From 67b6bf530d1ad895495dc48650afb172a79c3a39 Mon Sep 17 00:00:00 2001
From: Awni Hannun <awni@apple.com>
Date: Tue, 17 Sep 2024 17:59:51 -0700
Subject: [PATCH] Optimization for general ND copies (#1421)

---
 mlx/backend/metal/copy.cpp           | 23 +++++++++------
 mlx/backend/metal/jit_kernels.cpp    |  6 +++-
 mlx/backend/metal/kernels/copy.h     | 43 ++++++++++++++++++++++------
 mlx/backend/metal/kernels/copy.metal |  4 ++-
 mlx/backend/metal/kernels/utils.h    |  9 +++---
 5 files changed, 62 insertions(+), 23 deletions(-)
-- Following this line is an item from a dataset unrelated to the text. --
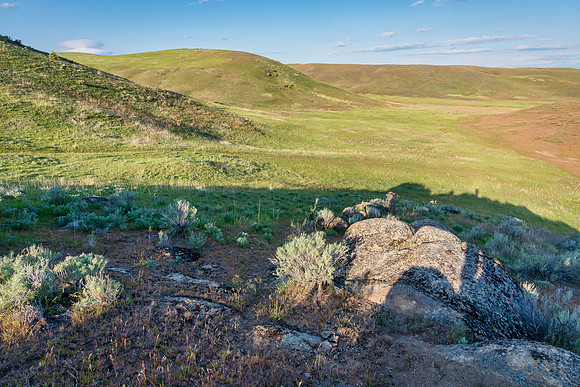_DJ11162-HDR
diff --git a/mlx/backend/metal/copy.cpp b/mlx/backend/metal/copy.cpp
index 19596f6b4..a58e4c467 100644
--- a/mlx/backend/metal/copy.cpp
+++ b/mlx/backend/metal/copy.cpp
@@ -73,9 +73,11 @@ void copy_gpu_inplace(
         }
       };
   auto [shape, strides_in_, strides_out_] = maybe_collapse();
+  int ndim = shape.size();
 
   bool use_2d = out.data_size() > UINT32_MAX;
   auto& d = metal::device(s.device);
+  int work_per_thread = 1;
   std::string kernel_name;
   {
     std::ostringstream kname;
@@ -93,9 +95,13 @@ void copy_gpu_inplace(
         kname << "gg";
         break;
     }
-    if ((ctype == CopyType::General || ctype == CopyType::GeneralGeneral) &&
-        shape.size() <= MAX_COPY_SPECIALIZED_DIMS) {
-      kname << shape.size();
+    if (ctype == CopyType::General || ctype == CopyType::GeneralGeneral) {
+      if (shape.size() <= MAX_COPY_SPECIALIZED_DIMS) {
+        kname << shape.size();
+      } else if (shape[ndim - 1] >= 4) {
+        work_per_thread = 4;
+        kname << "n4";
+      }
     }
     kname << "_copy";
     kname << type_to_name(in) << type_to_name(out);
@@ -115,10 +121,8 @@ void copy_gpu_inplace(
   compute_encoder.set_output_array(out, 1, out_offset);
 
   if (ctype == CopyType::General || ctype == CopyType::GeneralGeneral) {
-    int ndim = shape.size();
     std::vector<int64_t> strides_in{strides_in_.begin(), strides_in_.end()};
     std::vector<int64_t> strides_out{strides_out_.begin(), strides_out_.end()};
-
     if (ndim > 3) {
       set_vector_bytes(compute_encoder, shape, ndim, 2);
     }
@@ -127,10 +131,6 @@ void copy_gpu_inplace(
       set_vector_bytes(compute_encoder, strides_out, ndim, 4);
     }
 
-    if (ndim > MAX_COPY_SPECIALIZED_DIMS) {
-      compute_encoder->setBytes(&ndim, sizeof(int), 5);
-    }
-
     int dim0 = ndim > 0 ? shape[ndim - 1] : 1;
     int dim1 = ndim > 1 ? shape[ndim - 2] : 1;
 
@@ -139,6 +139,11 @@ void copy_gpu_inplace(
       data_size *= s;
     int rest = data_size / (dim0 * dim1);
 
+    if (ndim > MAX_COPY_SPECIALIZED_DIMS) {
+      compute_encoder->setBytes(&ndim, sizeof(int), 5);
+      dim0 = (dim0 + work_per_thread - 1) / work_per_thread;
+    }
+
     // NB assuming thread_group_size is a power of 2 larger than 32 x 32
     NS::UInteger thread_group_size = kernel->maxTotalThreadsPerThreadgroup();
     if (thread_group_size != 1024) {
diff --git a/mlx/backend/metal/jit_kernels.cpp b/mlx/backend/metal/jit_kernels.cpp
index 2c22e9668..74957f150 100644
--- a/mlx/backend/metal/jit_kernels.cpp
+++ b/mlx/backend/metal/jit_kernels.cpp
@@ -176,6 +176,8 @@ MTL::ComputePipelineState* get_copy_kernel(
         << get_template_definition(
                "g3_" + lib_name, "copy_g_nd3", in_type, out_type)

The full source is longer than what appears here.